Казалось, на этом сезон и закончился, март как-никак, а лёд и без того тонкий. Тем не менее он держался (на Куршском заливе, а на Калининградском уже вовсю гуляли волны по чистой воде, так и не было на нём нормального льда в этом году), а в двадцатых числах опять стало подмораживать, и 20-го мы с Серёжей ездили на мотоцикле в Каширское (температура воздуха минус 4 – плюс 2 – минус 1 градус, давление 749—747 мм, ясно, ветер южный, слабый до умеренного).
Я поймал на мотыля одного квазилеща, то есть крупного подлещика, почти леща, но настоящим лещом он стал бы лишь на следующий год. А Серёжа – ничего. Но он и ловил как-то вяло, апатично, скорее просто загорал на солнышке.

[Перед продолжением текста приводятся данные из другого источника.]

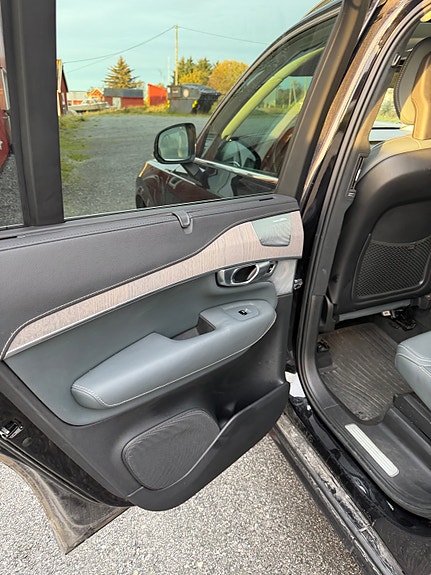 Volvo XC90 5 of 7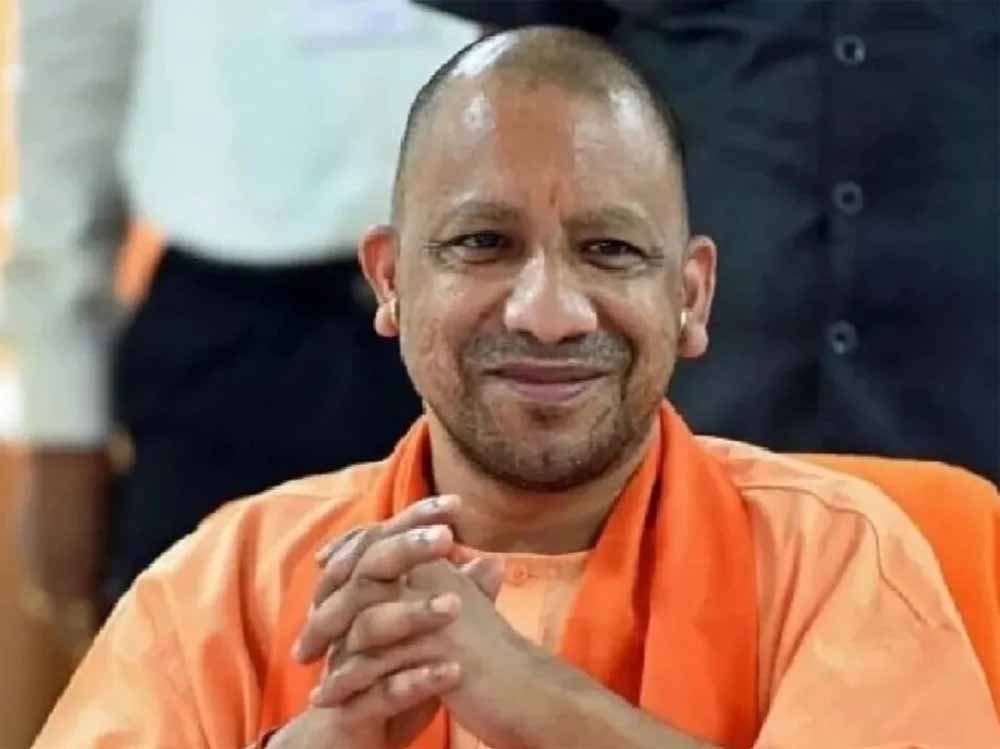 महराजगंज में मुख्यमंत्री ने बांटे स्वीकृति पत्र, चेक और टूलकिट महराजगंज में मुख्यमंत्री ने बांटे स्वीकृति पत्र, चेक और टूलकिट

И последний мой выезд на лёд состоялся 26 марта. Поехал в Зеленоградск, один, электричкой 14:08 в расчёте на вечернюю зорю. Ловил с 17:00 до 20:10, поймал одного подлещика, пять плотвин, несколько окушков и ершей.
Возвращался впотьмах, в одиночку, вся толпа прошла передо мной раньше минут за 20. Лёд был уже совсем плох, верхний слой местами ещё был покрыт коркой, местами превратился уже в кашу, ноги часто проваливались сквозь неё до нижнего, старого льда, но сквозных промоин ещё не было. Удивило меня то, что мне попадались рыбаки (и не один, и даже пацаны!), идущие навстречу, то есть с берега на лёд, на ночную, значит, рыбалку. Вот это энтузиасты!
Знать, лещ хорошо берёт ночью, иначе бы не шли. А те, кто днём ловили, – я обошёл несколько групп рыбаков, выбирая себе место, – натаскали, в основном, мелкой и средней плотвы, да по одному-два леща. Но вот Смертин, как оказалось, тоже ловил в этот день и недалеко от меня, и поймал семь (!) лещей. Двух утром, одного днём и четырёх – одного за одним – в начале шестого вечера, буквально минут за пятнадцать вытащил, и ушёл, боясь рыбнадзора, а то бы ещё мог поймать.
В общем у него закрытие сезона удалось на славу, да и до того он всё же нескольких лещей вытащил, и Лёнька Захаров один раз ездил и трёх поймал, а я вот так и не сумел ни одного отловить.